### RECORDS FOR THE EXERCISE ###
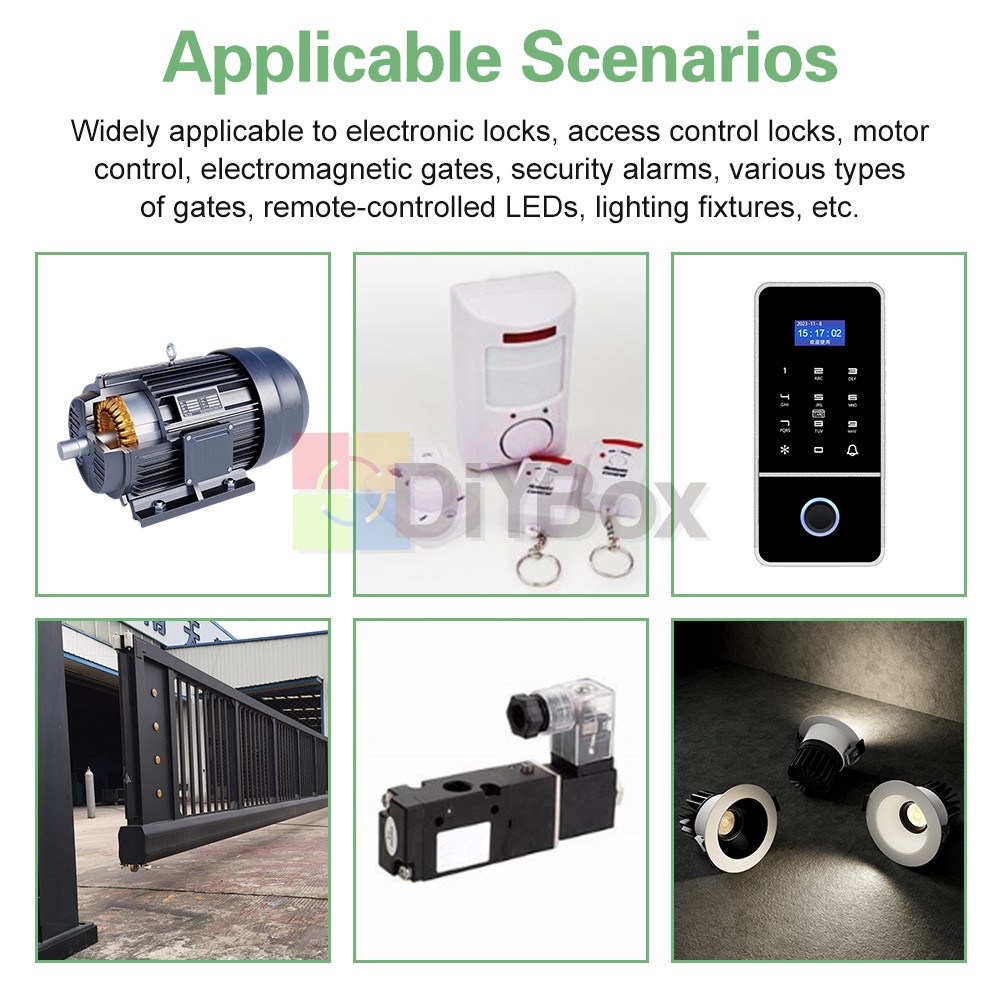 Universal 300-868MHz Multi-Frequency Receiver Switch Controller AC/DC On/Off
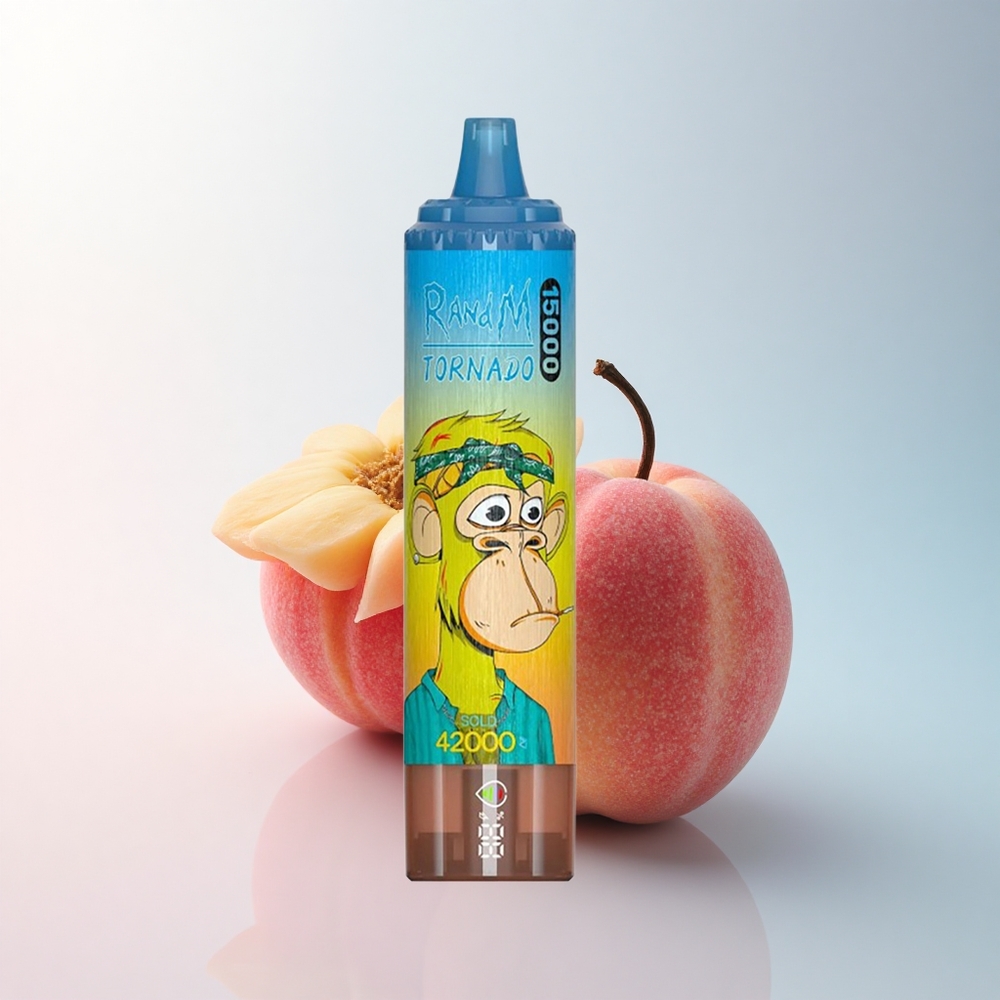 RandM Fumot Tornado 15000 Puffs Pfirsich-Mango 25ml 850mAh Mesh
###
### RECORDS FOR THE EXERCISE ###
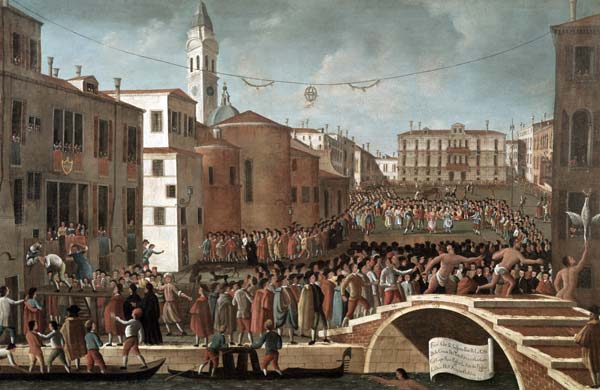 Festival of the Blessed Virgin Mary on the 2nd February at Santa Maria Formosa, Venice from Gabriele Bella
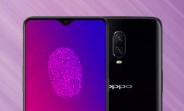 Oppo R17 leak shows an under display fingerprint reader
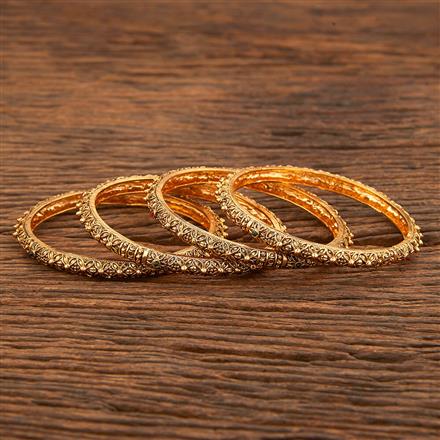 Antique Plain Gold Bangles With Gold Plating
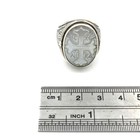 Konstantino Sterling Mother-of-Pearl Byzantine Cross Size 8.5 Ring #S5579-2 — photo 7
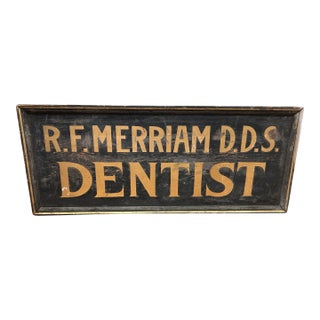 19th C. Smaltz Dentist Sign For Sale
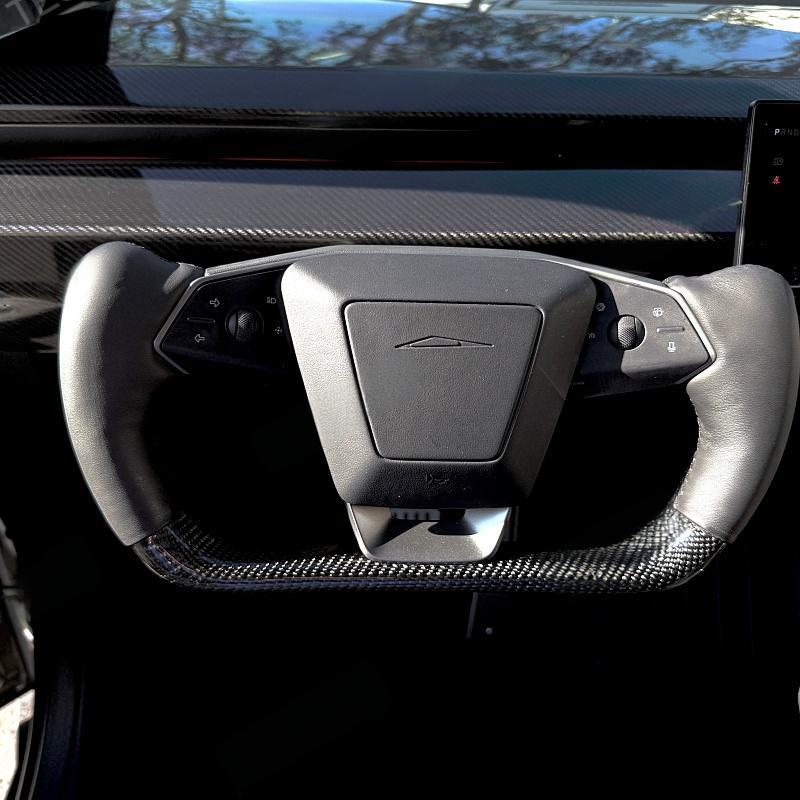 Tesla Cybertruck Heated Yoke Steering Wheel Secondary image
###
### RECORDS FOR THE EXERCISE ###
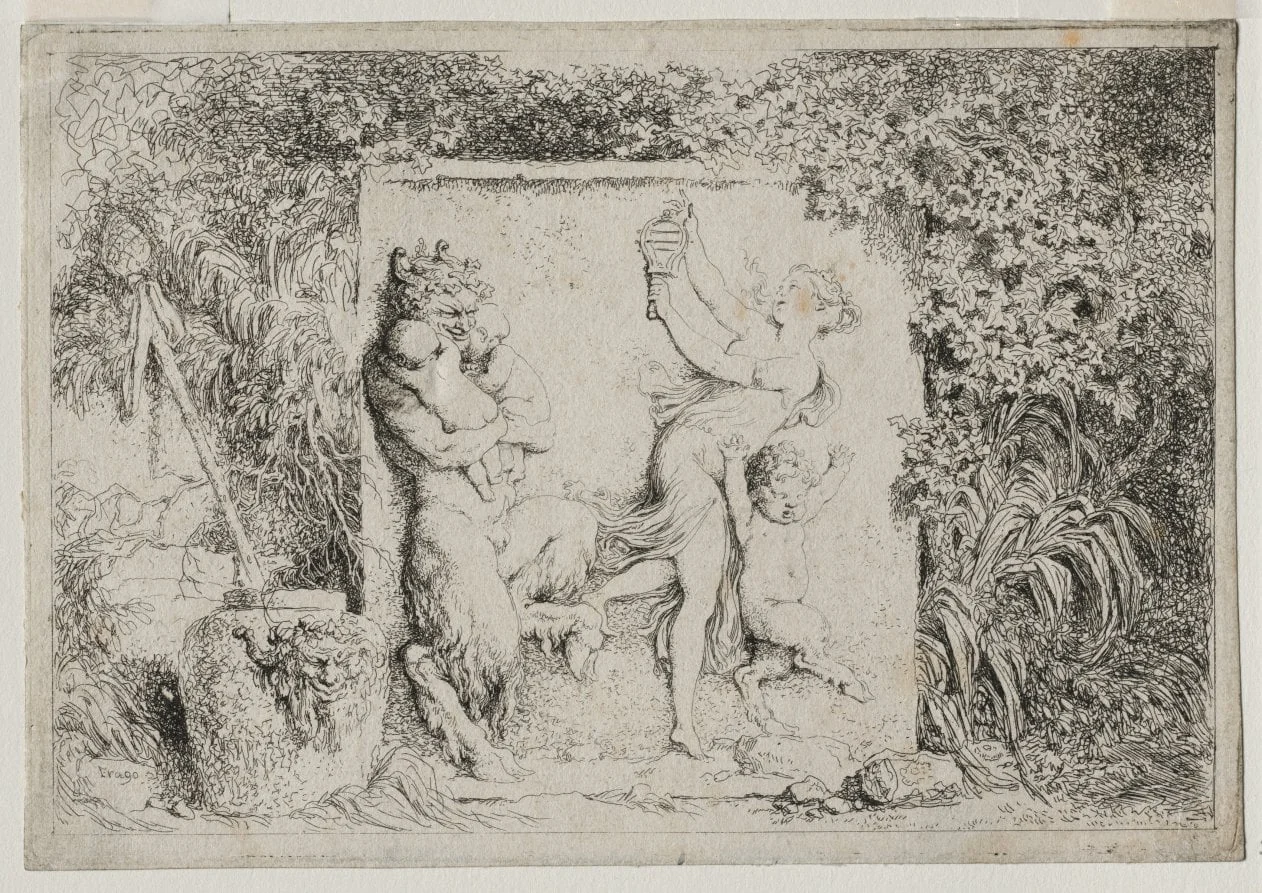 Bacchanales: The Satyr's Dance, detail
###
* [INSTRUCTIONS FOR THE TASK]: In the material above, which lines fall between the one holding "Oppo R17 leak" and the one holding "Tesla Cybertruck Heated", inclusive? Print exactly those, with the pictures left out.

* [EXERCISE RESULT]:
 Oppo R17 leak shows an under display fingerprint reader
 Antique Plain Gold Bangles With Gold Plating
 Konstantino Sterling Mother-of-Pearl Byzantine Cross Size 8.5 Ring #S5579-2 — photo 7
 19th C. Smaltz Dentist Sign For Sale
 Tesla Cybertruck Heated Yoke Steering Wheel Secondary image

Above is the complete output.